Question

Question: Find the equation of the tangent plane to the given parametric surface at the specified point. If you have software that graphs parametric surfaces, use a computer to graph the surface and the tangent plane

\(r\left( {u,v} \right) = u\cos v\,\,i + u\sin v\,\,j + v\,\,k;u = 1,v = \frac{\pi }{3}\)

Short answer

The equation of the tangent plane is \(\frac{{\sqrt 3 }}{2}x - \frac{1}{2}y + z = \frac{\pi }{3}\)

Step-by-step solution

Solution for x, y and z

\(x,y,z\)points are done by given\(r\left( {u,v} \right)\)

\(\begin{aligned}x& = u\cos v\\y = u\sin v\\z& = v\end{aligned}\)

\(\begin{aligned}x& = (1)\cos \left( {\frac{\pi }{3}} \right)\\x& = \frac{1}{2}\end{aligned}\)

\(\begin{aligned}y& = (1)\sin \left( {\frac{\pi }{3}} \right)\\y& = \frac{{\sqrt 3 }}{2}\end{aligned}\)

\(z = \left( {\frac{\pi }{3}} \right)\)

Solution of the tangent vector

Let, consider the tangent vector\({r_u}\)and\({r_v}\)
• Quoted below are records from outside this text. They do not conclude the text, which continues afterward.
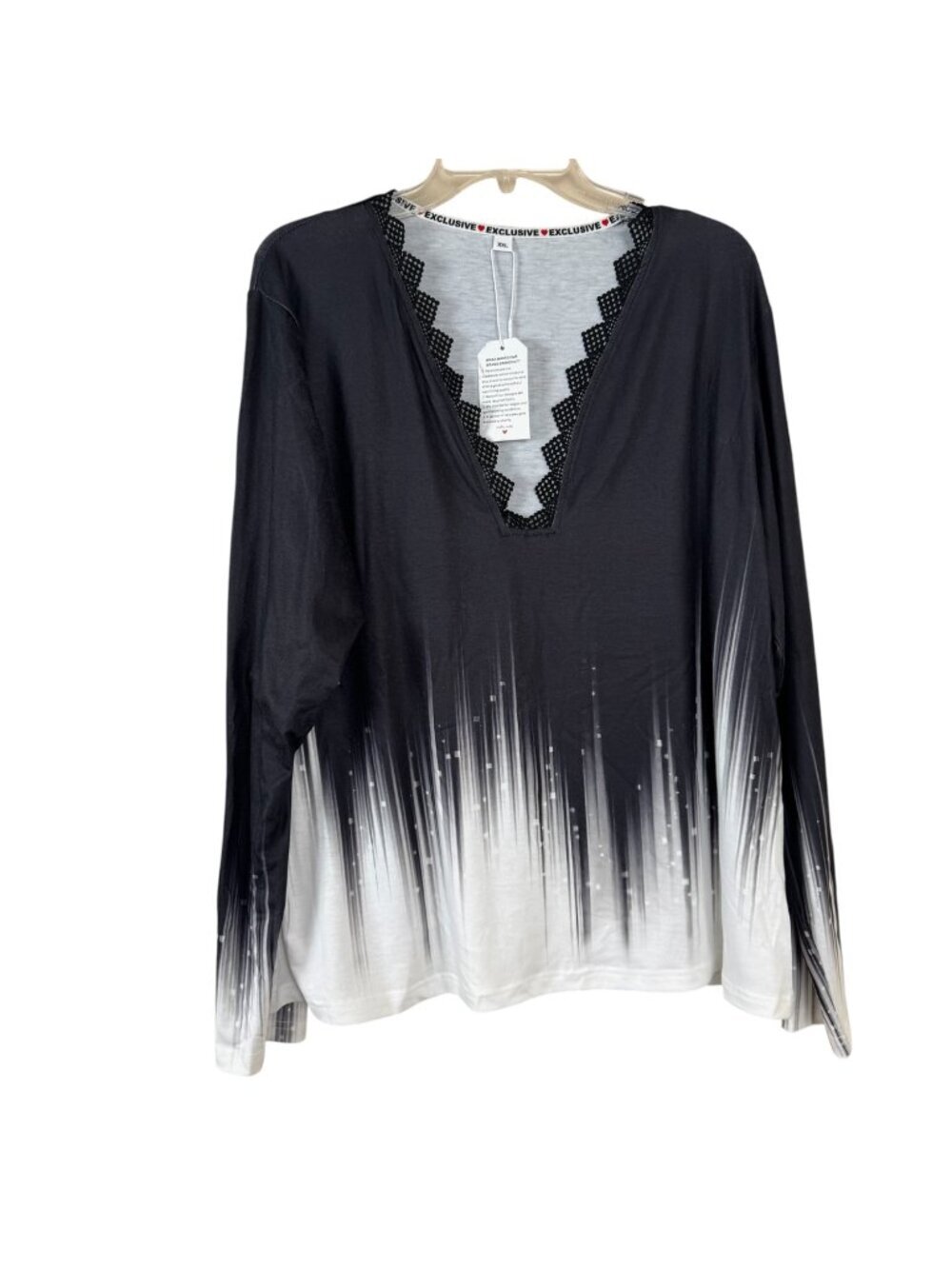 Made with Love NEW Black White Blouse Women's XXL Deep V Neck Office Lightweight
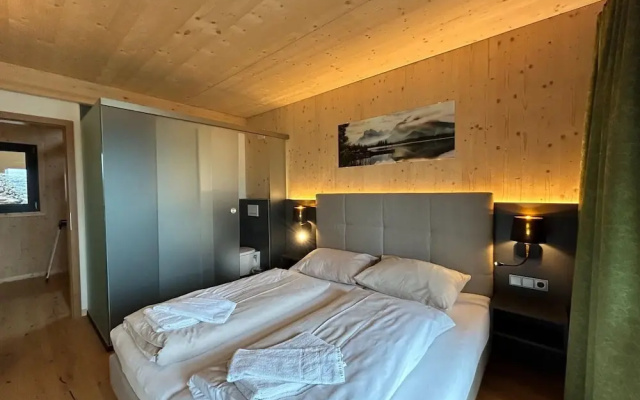 Chalet With Sauna on Balcony
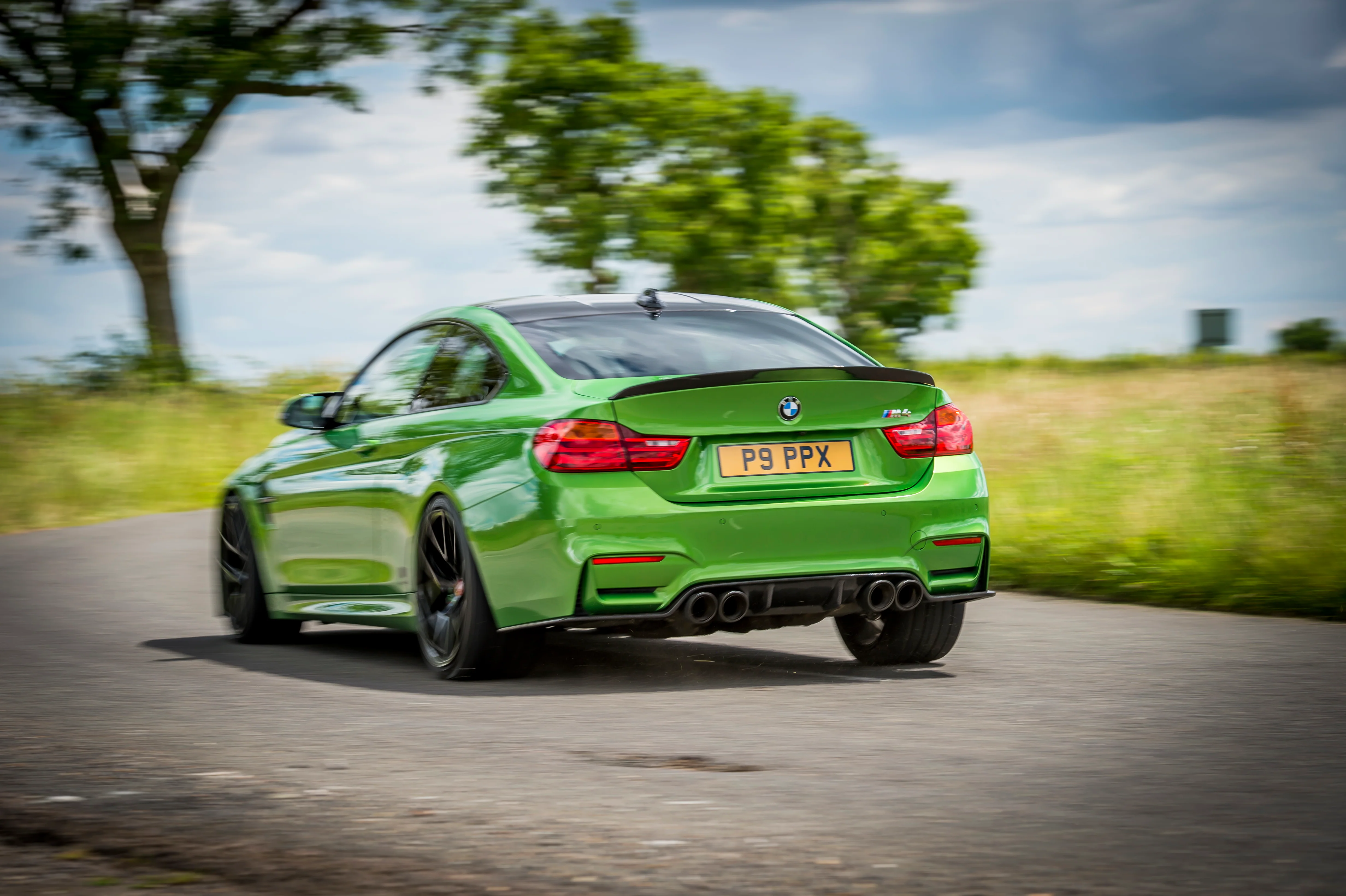 BMW M4 (F32/F82) Springs & Black Spacers Package Incl. Bolts - Image 3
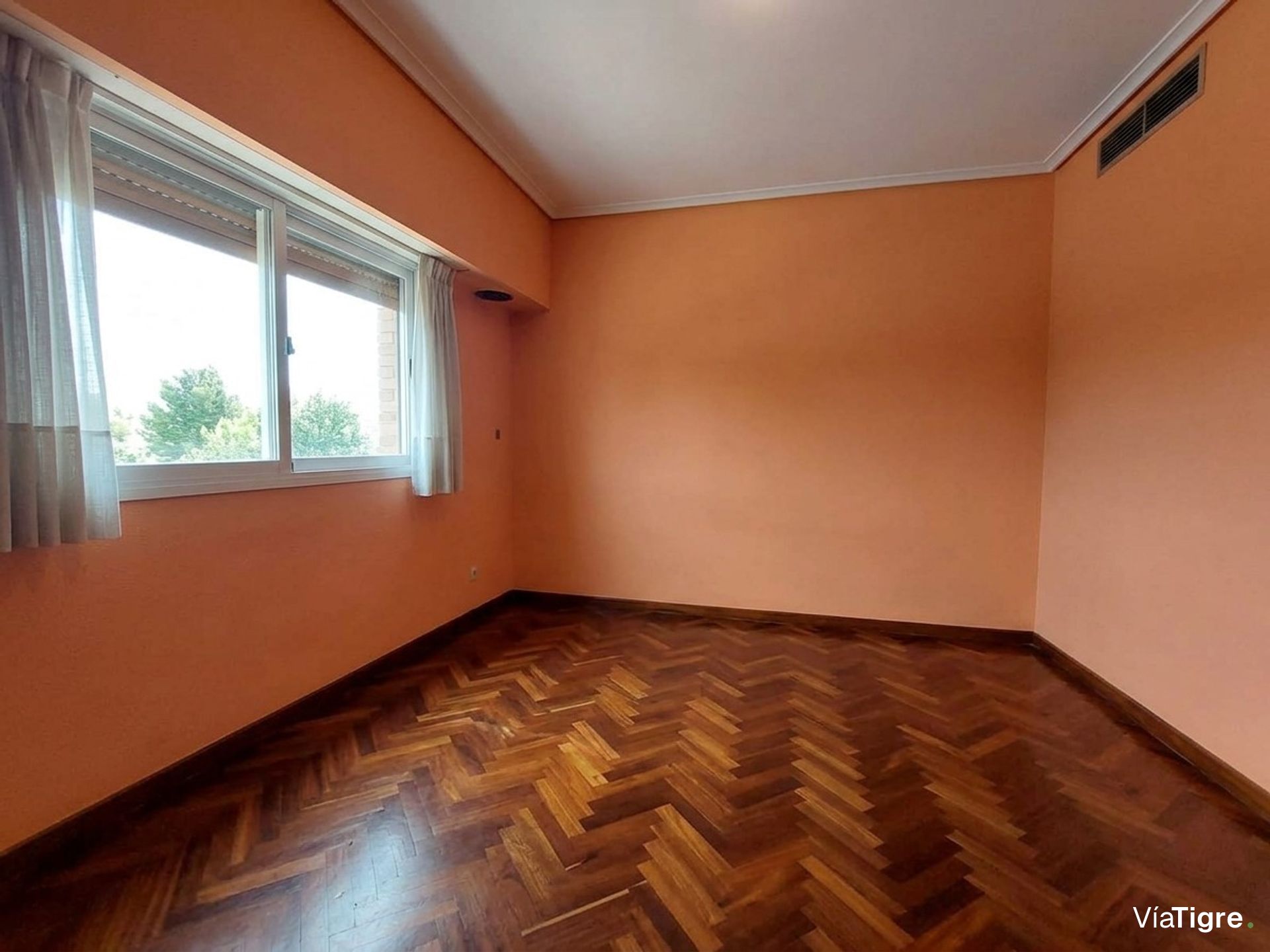 Venta Casa En 3 Plantas Con Jardin Pileta Martinez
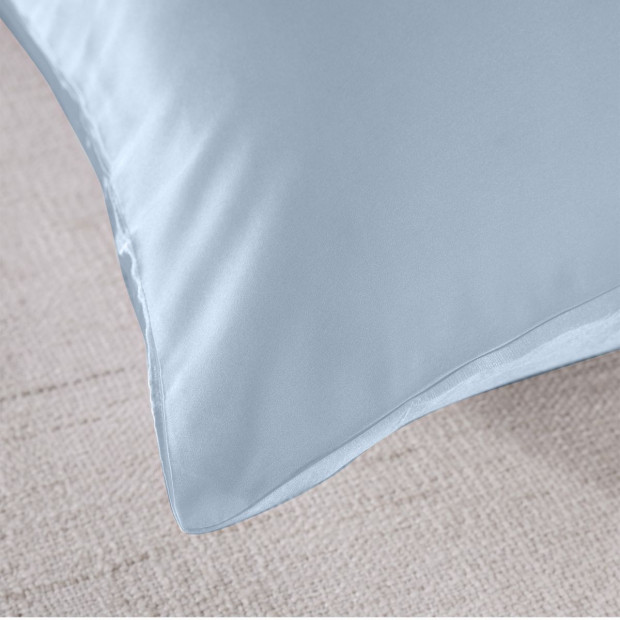 Pure Silk Hypoallergenic Pillowcase - Soft Blue Image 3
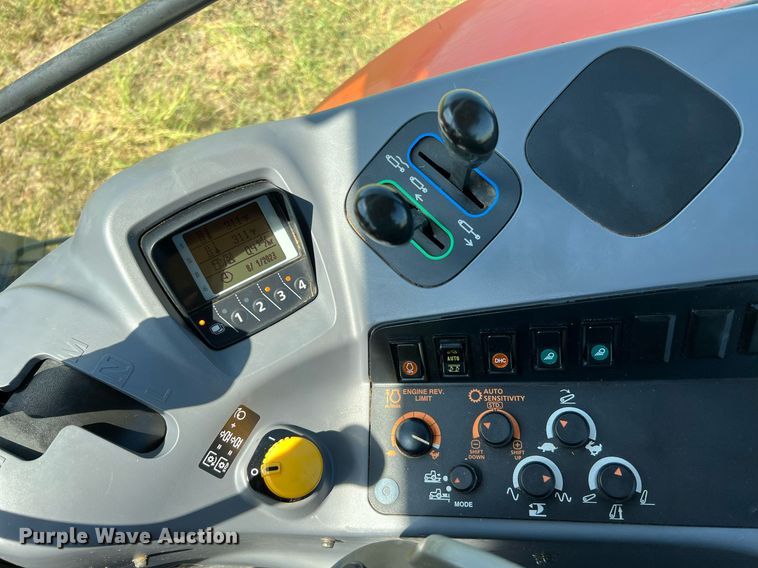 image for item DQ2152 2017 Kubota M6-111  MFWD tractor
\(\begin{aligned}{r_u}& = \frac{{\partial x}}{{\partial u}}i + \frac{{\partial y}}{{\partial u}}j + \frac{{\partial z}}{{\partial u}}k\\& = \cos vi + \sin vj + (0)k\\{r_v}& = \frac{{\partial x}}{{\partial v}}i + \frac{{\partial y}}{{\partial v}}j + \frac{{\partial z}}{{\partial v}}k\\ = - u\sin vi + u\cos vj + k\end{aligned}\)

Solution for the tangent plane

The tangent pane is given by\({r_u} \times {r_v}\)

\(\begin{aligned}{r_u} \times {r_v}& = \left| {\begin{aligned}{*{20}{c}}i&j&k\\{\cos v}&{\sin v}&0\\{ - u\sin v}&{u\cos v}&1\end{aligned}} \right|\\& = (\sin v - 0)i - (\cos v - 0)j + (u{\cos ^2}v + u{\sin ^2}v)k\\& = \sin vi - \cos vj + uk\end{aligned}\)

Substitute u as 1 and v as\(\frac{\pi }{3}\)

So, the tangent plane

\(\begin{aligned}\sin vi - \cos vj + uk& = \sin \left( {\frac{\pi }{3}} \right)i - \cos \left( {\frac{\pi }{3}} \right)j + (1)k\\& = \frac{{\sqrt 3 }}{2}i - \frac{1}{2}j + k\end{aligned}\)

The equation of the tangent plane 

Let’s substitute points\(\left( {\frac{1}{2},\frac{{\sqrt 3 }}{2},\frac{\pi }{3}} \right)\)in tangent plane

\(\begin{aligned}\frac{{\sqrt 3 }}{2}\left( {x - \frac{1}{2}} \right) - \frac{1}{2}\left( {y - \frac{{\sqrt 3 }}{2}} \right) + \left( {z - \frac{\pi }{3}} \right)& = 0\\\frac{{\sqrt 3 }}{2}x - \frac{{\sqrt 3 }}{4} - \frac{1}{2}y + \frac{{\sqrt 3 }}{4} + z - \frac{\pi }{3}& = 0\\\frac{{\sqrt 3 }}{2}x - \frac{1}{2}y + z& = \frac{\pi }{3}\end{aligned}\)

The equation of the tangent plane is \(\frac{{\sqrt 3 }}{2}x - \frac{1}{2}y + z = \frac{\pi }{3}\).